Homology group files
alignments.csv
This is a matrix of the aligned gene sequences and position specific attributes. For example:
mRNA_id | genome_nr | position | nucleotide |
---|---|---|---|
97_1_FEDMPDKE_03607_mRNA | 97 | 1 | A |
97_1_FEDMPDKE_03607_mRNA | 97 | 2 | T |
mRNA_id
: A unique identifier for each sequence in the homology group (string).genome_nr
: A unique ID for each genome sequence (integer).position
: The position in the alignment (integer).nucleotide
: The nucleotide value (string containing A, C, G, T, or -).
This file can be extended with additional metadata.
sequences.csv
The sequences extracted from the multiple sequence alignment. This file is used to generate dendrograms. For example:
mRNA_id | nuc_trimmed_seq |
---|---|
97_1_FEDMPDKE_03607_mRNA | ATGAGTTTTGATAATTCCCCACAATCACGCCTGATCCTAACCATGATGGGAGCC... |
87_1_JABOGBIO_03490_mRNA | ATGAGTTTTGATAATTCCCCACAATCACGCCTGATCCTAACCATGATGGGAGCC... |
mRNA_id
: A unique identifier for each sequence in the homology group (string).nuc_trimmed_seq
: The nucleotide sequences, trimmed in PanTools (string).
variable.csv
Summary of all variable positions in the alignment and their value counts. This data is used for calculation of the conservation score at each aligned position. For example:
position | informative | A | C | G | T | gap | pheno_specific |
---|---|---|---|---|---|---|---|
1 | True | 0 | 30 | 70 | 0 | 0 | True |
9 | False | 1 | 0 | 70 | 99 | 0 | False |
position
: The position in the alignment (integer).informative
: Is position parsimony informative in nucleotide alignment (boolean).A
: Number of sequences containing nucleotide A (integer).C
: Number of sequences containing nucleotide C (integer).G
: Number of sequences containing nucleotide G (integer).T
: Number of sequences containing nucleotide T (integer).gap
: Number of sequences containing a gap (-) (integer).
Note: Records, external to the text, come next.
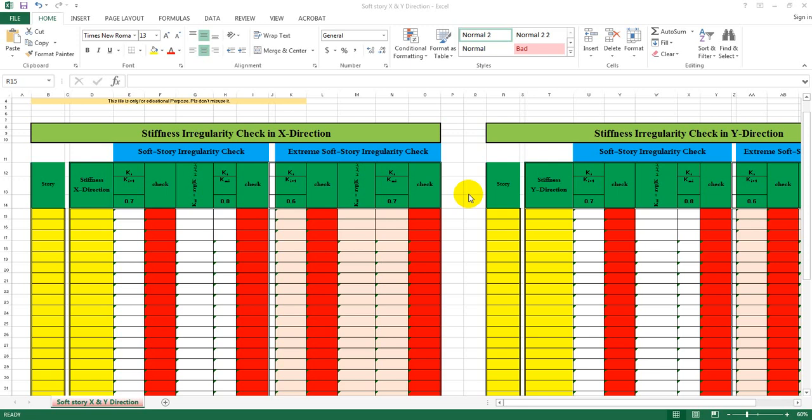Dear viewers, welcome back to SOCABD. I am Rasky. I am going to check the building. Today we are going to perform the check.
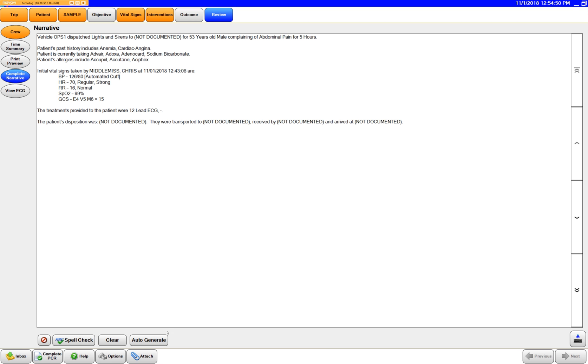It's going to bring in your response mode, age of the patient, and chief complaint. Going to bring in their history, current meds and allergies, and their first set of vital signs recorded off of your primary assessment.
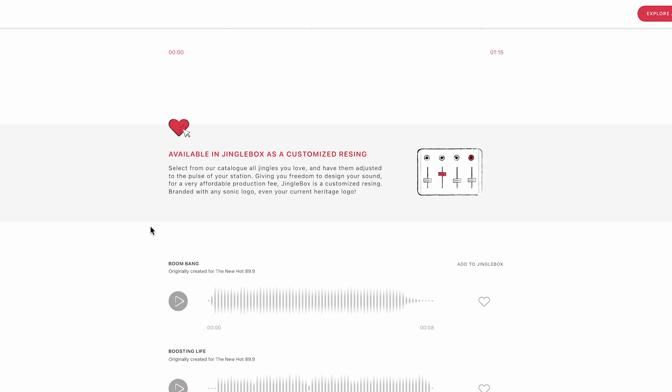Jingle Box is a customized re-sync, branded with any sonic logo, or even your current heritage logo.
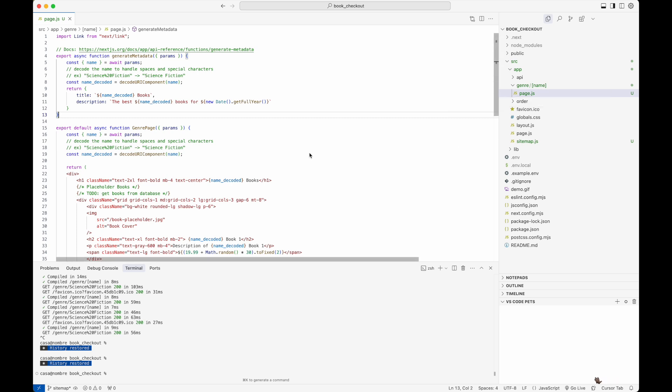So all in all, if we want to generate dynamic titles and descriptions, then we need to call this generate metadata function that Next.js provides.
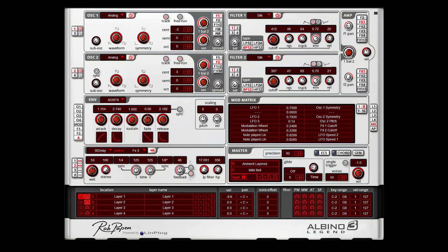Hello, Rob Papen here. This is a short video about how to copy your presets into the Arbino 3 Legend.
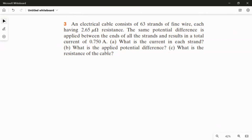So here we have three questions. The first question is: what is the current in each strand? The second question is: what is the applied potential difference? And the third one is: what is the resistance of the cable? We have to answer them one by one.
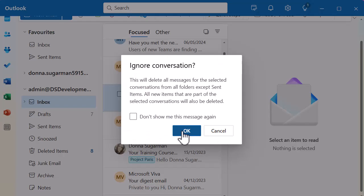When I click on that, it's going to ask me if I'm sure. It will delete all messages from the conversation from all folders except sent items, and any new items that are part of the selected conversation will also be deleted. So make sure you fully understand that — it will only be shown in your sent items. You can also click to not show this message again.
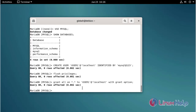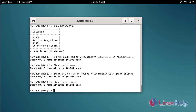Refresh the privileges using the following command. Grant multiple privileges to MySQL using the following command.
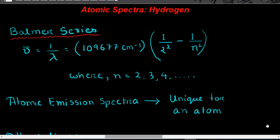Now let us see how we move from the atomic spectra of an atom to the structure of an atom. The first major development was the study of the atomic spectra of hydrogen — hydrogen was the first element on which different experiments were carried out. A scientist named Balmer studied the emission spectrum of hydrogen, making a careful analysis and trying to find a common expression for the wavelengths.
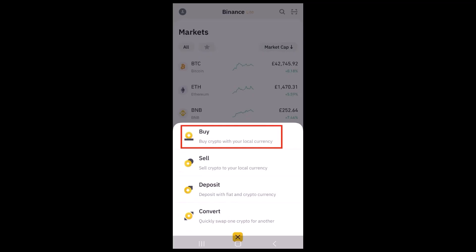Hey guys, welcome back to our channel. I am back with another tutorial, and today's tutorial is based on how to buy Bitcoin on the Binance app. I'll be guiding you throughout this video — all you have to do is follow the instructions as guided.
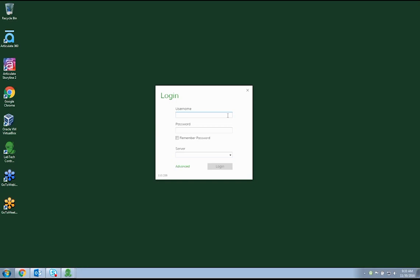Once you run the EXE, you will be asked to proceed with the install by clicking next. At this screen, you will be asked to enter your LabTech admin credentials as well as the URL to access the LabTech Control Center. This will allow our installer to apply the plugin to the LabTech console.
This file can be extended with additional metadata.
annotations.csv
(OPTIONAL)
This optional file is only used for Eukaryotic pangenomes. It specifies the gene models matched to each gene sequences of reference genomes (for which GFF files are available). For example:
mRNA_id | position | cds | exon |
---|---|---|---|
5_1_ATERI-1G45130.1 | 1 | True | False |
5_1_ATERI-1G45130.2 | 1 | False | False |
mRNA_id
: A unique identifier for each sequence in the homology group (string).position
: The position in the alignment (integer).cds
: Does position have this feature in nucleotide alignment (boolean).exon
: Does position have this feature in nucleotide alignment (boolean).
This file can be extended with additional metadata. The frontend needs to be configured to display these annotations.
metadata.csv
(OPTIONAL)
An optional CSV file containing metadata for each genome indicated by mRNA_id
that should be included in the analysis. For example:
mRNA_id | virulence | species |
---|---|---|
97_1_FEDMPDKE_03607_mRNA | avirulent | P.brasiliense |
87_1_JABOGBIO_03490_mRNA | ? | P.brasiliense |
mRNA_id
: A unique identifier for each sequence in the homology group (string).
This file can be extended with additional metadata.
linkage_matrix.npy
(AUTO-GENERATED)
The linkage matrix for generating the initial clustering dendrogram, stored as NumPy file. This file is generated once by the API and is used to improve application performance.
Important: Please delete this file if the contents of sequences.csv
has changed.
Additional metadata
Some files, specifically alignments.csv
, metadata.csv
, and variable.csv
, can be extended with additional metadata columns. Values in each column should be of the same type (string, number, optional boolean).
The frontend needs to be configured to use these additional columns.